Congruent with our strategic plan initiatives, our SBA team generated more than $1.6 million of SBA gain on sale revenue in 2024 with $630,000 accurring in the fourth quarter. The momentum in this business remains strong as we enter 2025. Another strategic plan initiative is a focus on wealth management. The 11% increase over the linked quarter and the 18% increase over the same period last year demonstrate continued momentum from our Private Wealth and Investment Services teams. Our team-based planning-driven approach is working. And we see runway in that business particularly in our growth markets. Deposit growth was an improving mix. Green shoots in loan demand with plenty of capacity, momentum in our fee businesses, including wealth, SBA and treasury management.
Indeed, MidWestOne’s business lines are well positioned as we launch into 2025. So with that, I’m pleased to turn the call over to Barry.
Barry Ray: Thank you, Len. Starting with the balance sheet on Slide 11. Total assets declined $316 million from September 30, 2024, due primarily to the deleveraging of our balance sheet from the repositioning executed early in the fourth quarter. As a reminder, that repositioning included the sale of $1 billion of securities, primarily corporates, munis and CMOs that had a book yield of 1.58%. Proceeds from the sales were used to pay in full for an $418.7 million of Federal Reserve Bank term funding program borrowings that were costing 4.77% and to purchase $590 million of agency CMO and pass through securities yielding 4.65%. Len covered the loan and deposit changes, so I’ll touch on shareholders’ equity, which decreased $2.5 million from September 30, 2024 to $560 million as an unfavorable $14 million adjustment to accumulated other comprehensive loss was only partially offset by an $11 million increase in retained earnings.
The company’s consolidated CET1 ratio was 10.73% at year-end 2024, up 82 basis points from September 30, 2024, reflecting in part benefits from the balance sheet repositioning. Turning to the income statement on Slide 13. We reported net income of $16.3 million or $0.78 per diluted common share. Net interest income increased $11.4 million in the fourth quarter to $48.9 million as compared to the linked quarter due primarily to higher earning asset yields and lower funding volumes and costs partially offset by lower earning asset volumes. Loan interest income in the fourth quarter of 2024 included $2.5 million of loan purchase discount accretion compared to $1.4 million in the linked quarter.
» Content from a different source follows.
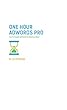 One Hour Adwords Pro: Learn Google AdWords in about an Hour (English Edition)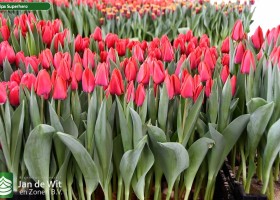 Tulipa Superhero (1)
We expect quarterly loan purchase discount accretion in 2025 to be closer to $1 million.
Our tax equivalent net interest margin increased 92 basis points to 3.43% in the fourth quarter compared to 2.51% in the linked quarter. As earning asset yields increased 60 basis points and the cost of interest bearing liabilities declined 35 basis points. The average loan portfolio yield for the fourth quarter was 5.86% flat from the linked quarter while the average yield on loan originations during the fourth quarter was 7.10%. On the liability side, the cost of interest bearing deposits decreased 17 basis points from the linked quarter to 2.41%. We expected the balance sheet repositioning would add about 70 basis points to our net interest margin, and we were pleased to exceed that expectation as our core interest margin, which excludes loan purchase discount accretion expanded to 3.26% for the fourth quarter, 85 basis points greater than the linked quarter.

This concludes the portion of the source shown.